— Task to complete —
Produce a word-for-word copy of the lines from the one that contains "Ivory Lace Gray" to the final line of the data below, with all pictures dropped.

START Source material

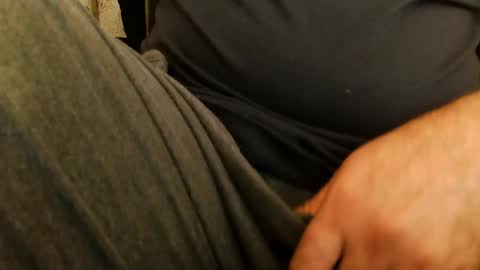 Snapshot of burlymonster chatting on 05/06/26, 04:52 Hairy Arabian online show from 05/06/26, 04:52
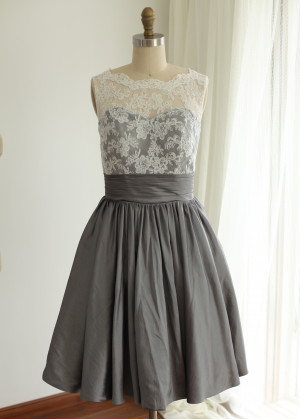 Ivory Lace Gray Taffeta V Back Short Vintage Bridesmaid Dress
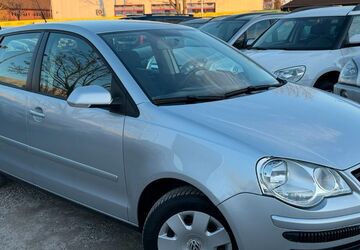 VW Polo 81.435 km 4.990 &euro; Berlin 13089
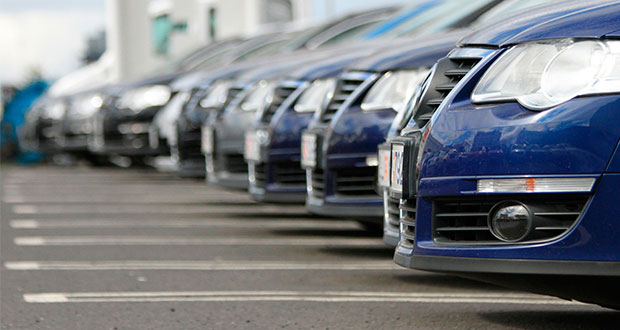 Trump amenaza a Europa con aranceles del 20% a sus autos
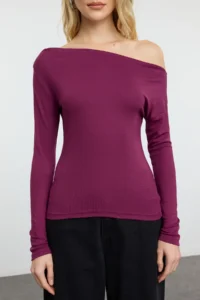 TRENDYOLMİLLA Burgundy Plain Soft Fabric Fitted Boat Neck Knitting Blouse - Image 3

END Source material

— Written answer —
 Ivory Lace Gray Taffeta V Back Short Vintage Bridesmaid Dress
 VW Polo 81.435 km 4.990 &euro; Berlin 13089
 Trump amenaza a Europa con aranceles del 20% a sus autos
 TRENDYOLMİLLA Burgundy Plain Soft Fabric Fitted Boat Neck Knitting Blouse - Image 3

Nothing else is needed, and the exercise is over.